What needs to be done: All of the data that follows is to be written out exactly, with images excluded.
--- Supplied records Enclosed Below ---
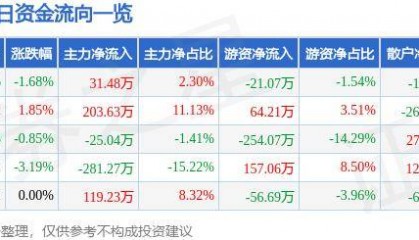 股票行情快报：嘉澳环保（603822）5月28日主力资金净买入31.48万元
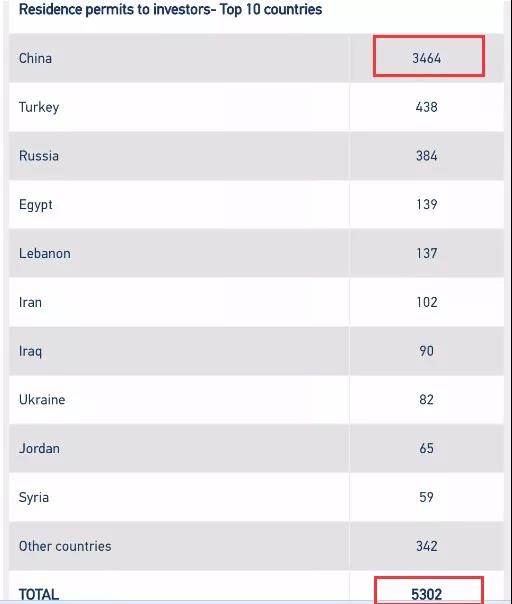 超1萬(wàn)名中國(guó)人移民希臘！黃金簽證申請(qǐng)中國(guó)人持續(xù)霸榜！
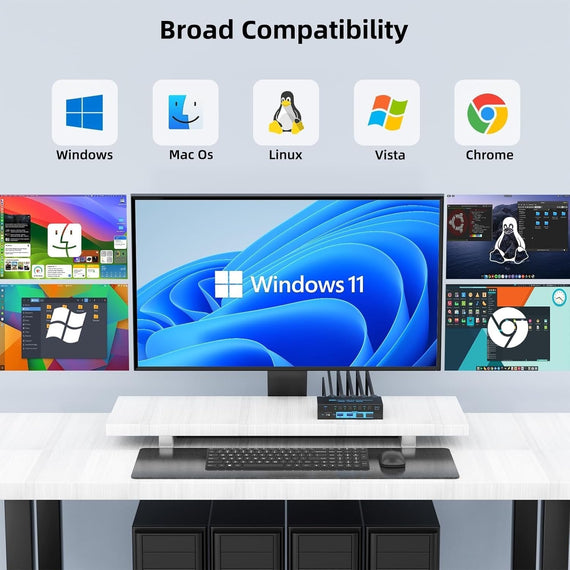 HDMI 8K60Hz KVM switch 4 to 1 Support UltraWide Monitor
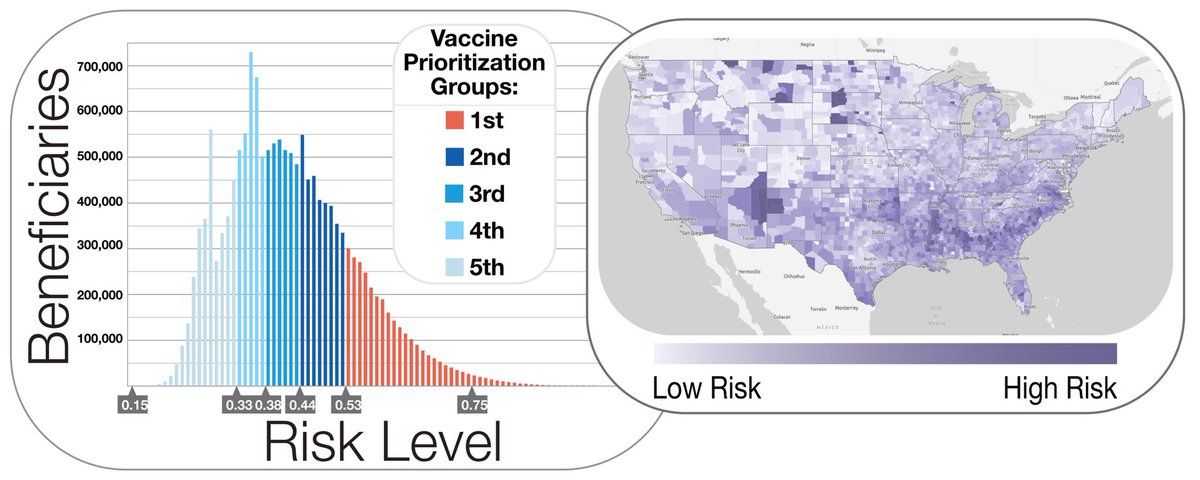 A study of 3.6 million Medicare beneficiaries diagnosed with COVID found that 3.9% were diagnosed with #LongCOVID at one year. A greater number of COVID vaccine doses prior to infection was linked to a lower risk of developing LongCOVID. 

buff.ly/bLA2bbK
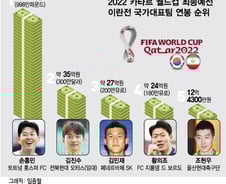 [더차트]축구국대 연봉, 160억 SON 1위...2위는 누구?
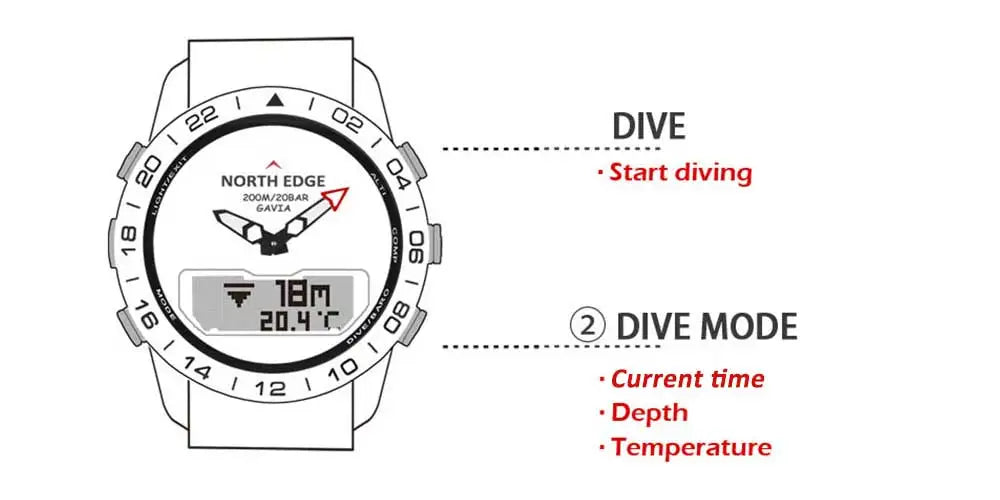 Men's Dive Sports Digital Watch | Military Luxury Full Steel Waterproof 200m Compass Altimeter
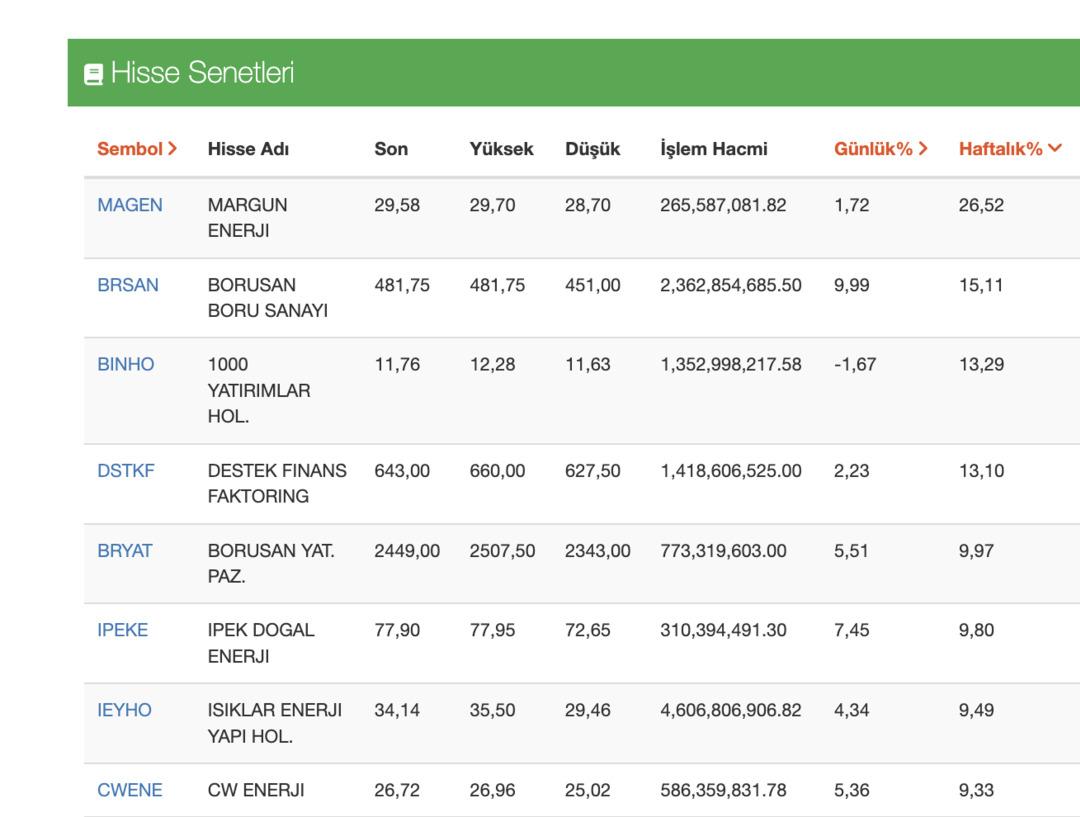 27-31 Ekim haftasının şampiyonları: MAGEN, BRSAN, BINHO ilk sıralarda 1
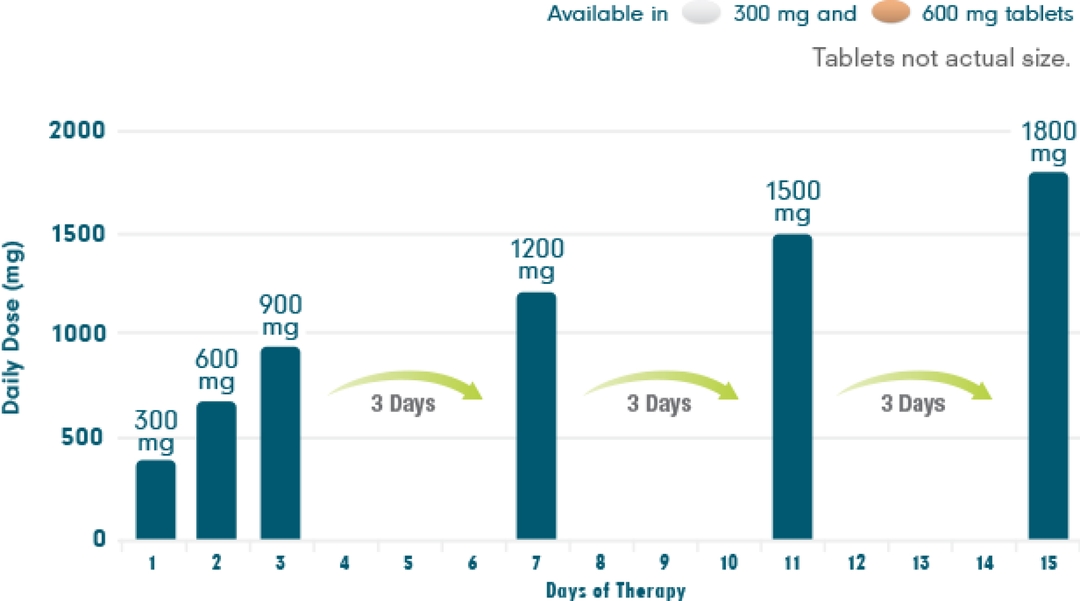 Dosing gralise gabapentin tablets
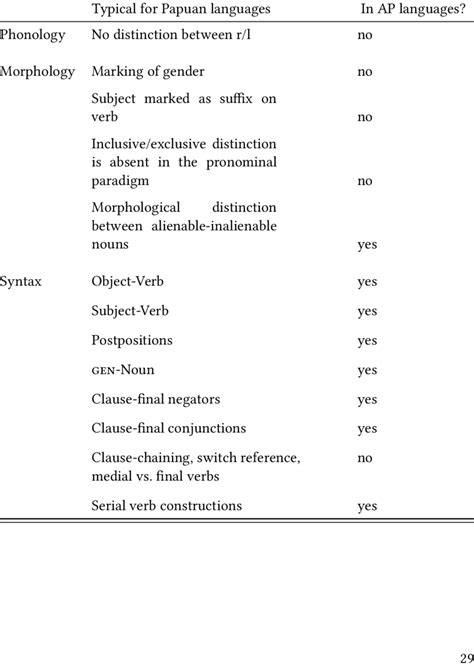 Structural features in "Papuan" and in AP languages | Download Scientific Diagram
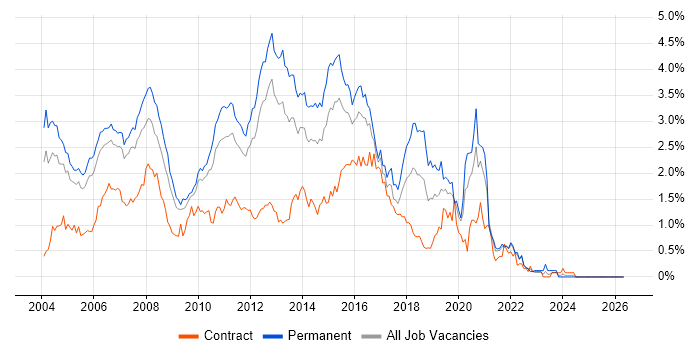 SQL Developer job vacancy trend in West London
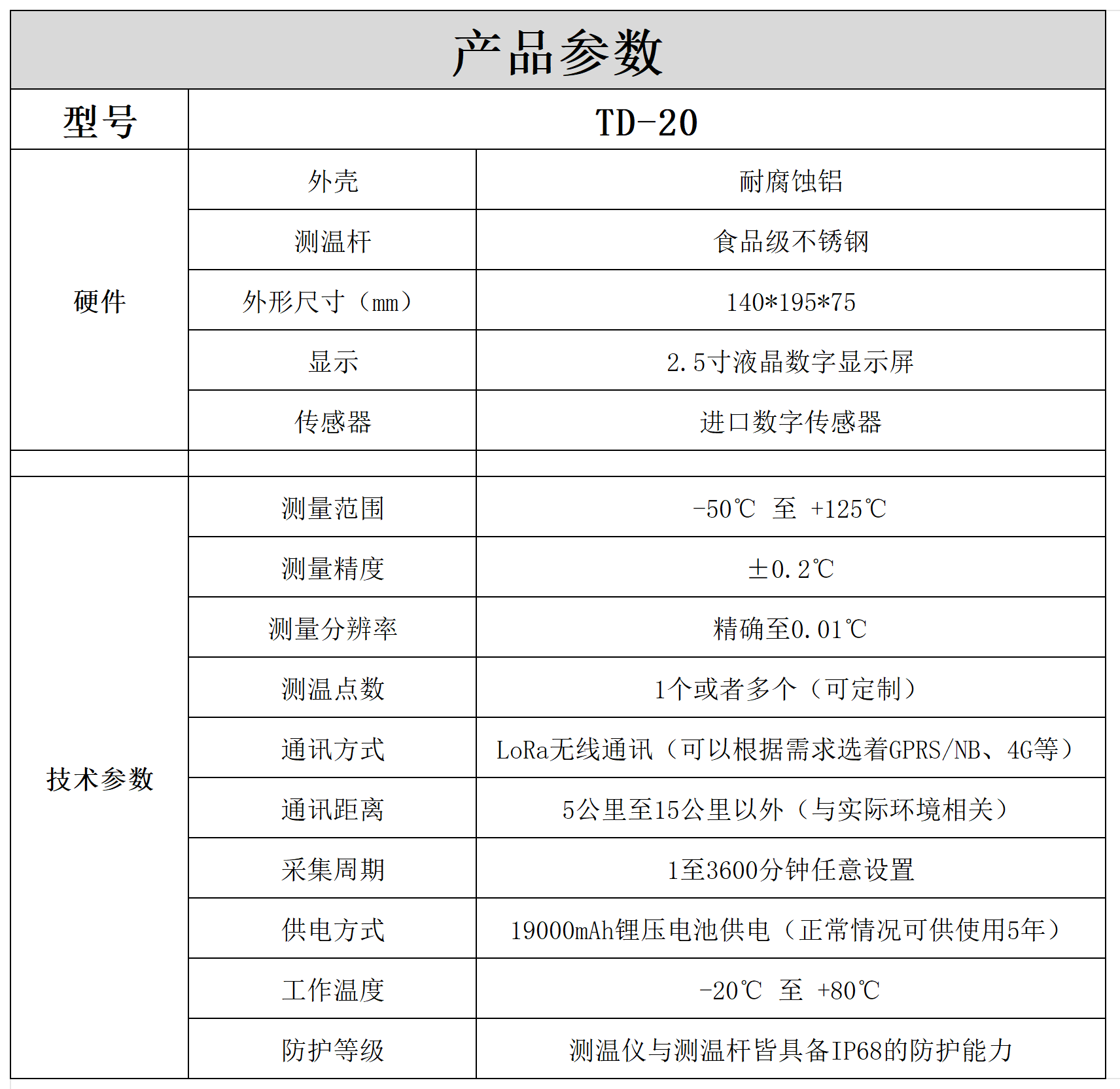 参数图片.png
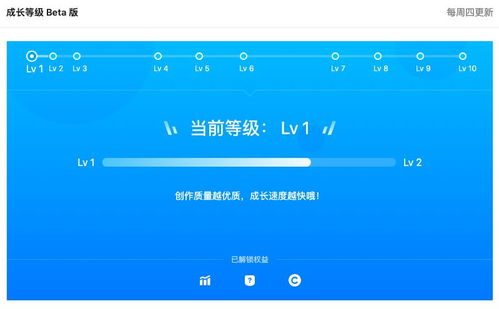 千萬級產(chǎn)品的用戶運(yùn)營體系,長啥樣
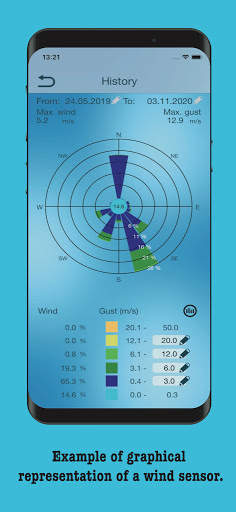 MOBILE-ALERTS screenshot 5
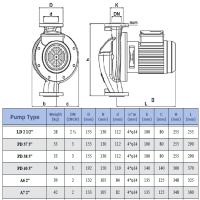 پمپ سیرکولاتور سمنان انرژی مدل "LD 2 1/2 "SEMNANENERGY Circulation Pump LD 2 1/2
--- End of Enclosed Supplied records ---
Output:
 股票行情快报：嘉澳环保（603822）5月28日主力资金净买入31.48万元
 超1萬(wàn)名中國(guó)人移民希臘！黃金簽證申請(qǐng)中國(guó)人持續(xù)霸榜！
 HDMI 8K60Hz KVM switch 4 to 1 Support UltraWide Monitor
 A study of 3.6 million Medicare beneficiaries diagnosed with COVID found that 3.9% were diagnosed with #LongCOVID at one year. A greater number of COVID vaccine doses prior to infection was linked to a lower risk of developing LongCOVID. 

buff.ly/bLA2bbK
 [더차트]축구국대 연봉, 160억 SON 1위...2위는 누구?
 Men's Dive Sports Digital Watch | Military Luxury Full Steel Waterproof 200m Compass Altimeter
 27-31 Ekim haftasının şampiyonları: MAGEN, BRSAN, BINHO ilk sıralarda 1
 Dosing gralise gabapentin tablets
 Structural features in "Papuan" and in AP languages | Download Scientific Diagram
 SQL Developer job vacancy trend in West London
 参数图片.png
 千萬級產(chǎn)品的用戶運(yùn)營體系,長啥樣
 MOBILE-ALERTS screenshot 5
 پمپ سیرکولاتور سمنان انرژی مدل "LD 2 1/2 "SEMNANENERGY Circulation Pump LD 2 1/2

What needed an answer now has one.